The TRUTH and reality, is apparently somewhere between the two different sets of measurements!

The Epson Pro Cinema 7500UB and the international version, the TW5000 should have the same brightness as the Home Cinema 6500UB, although some of the mode names are different.

Now, according to Epson, thanks to the new, and brighter lamp 200 watts vs 170 watts, the 6500 UB should be brighter than the older 1080 UB (despite the same published spec from Epson), and, that too, would tend to support the idea that the new meter is coming up with low readings, as the 1080 UB, was about 468 lumens, if I recall correctly.  Also, the uncalibrated Dynamic mode of the 1080 UB was about 1818 lumens.  

The new meter is measuring significantly lower than other reviewers are reporting.

All sets of measurements above were taken with the lens at the mid-point zoom.

My recommendation.  Until we check the new meter, use the old measurements for comparing with other projectors measurements.  Our measurements will be consistent from review to review, even if consistently higher than other reviewers’ published measurements. 

Our comments regarding brightness relative to screen recommendations and sizes, are subjective, and are based on extensive viewing, not on measurements, so those recommendations are not affected by what meters we use.

The important thing – relative to the first blog, is that this Epson is very bright.  Of the 4 “top of the line” 3LCD projectors – 6500UB, Mitsubishi HC7000, Sanyo PLV-Z3000, and Panasonic PT-AE3000, the Epson is definitely the brightest in brightest mode, and in best mode, although not by great amounts, depending on which projector you compare it to.  That said, there are DLP and LCoS projectors that are brighter in best mode, and only a couple of DLP projectors that can best it in brightest mode, the InFocus IN83, and the Optoma HD81-LV.

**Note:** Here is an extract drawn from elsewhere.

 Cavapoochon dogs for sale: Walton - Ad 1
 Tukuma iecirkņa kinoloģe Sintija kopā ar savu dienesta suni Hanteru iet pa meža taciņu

Regardless of which set of lumen measurements you stare at, the Epson still doesn’t have the horsepower to fill my 128″ Firehawk G3, in TheaterBlack1 (best) mode.  The Epson does look really good, though when I reduce the image size to the 110″ diagonal range, and I’d say it can be pushed a little more, but, remember the lamp will dim over time, so 110″ is my recommendation, at least for a high contrast gray surface, and a room that doesn’t have dark walls (Dark walls are coming, the room gets painted in less than two weeks).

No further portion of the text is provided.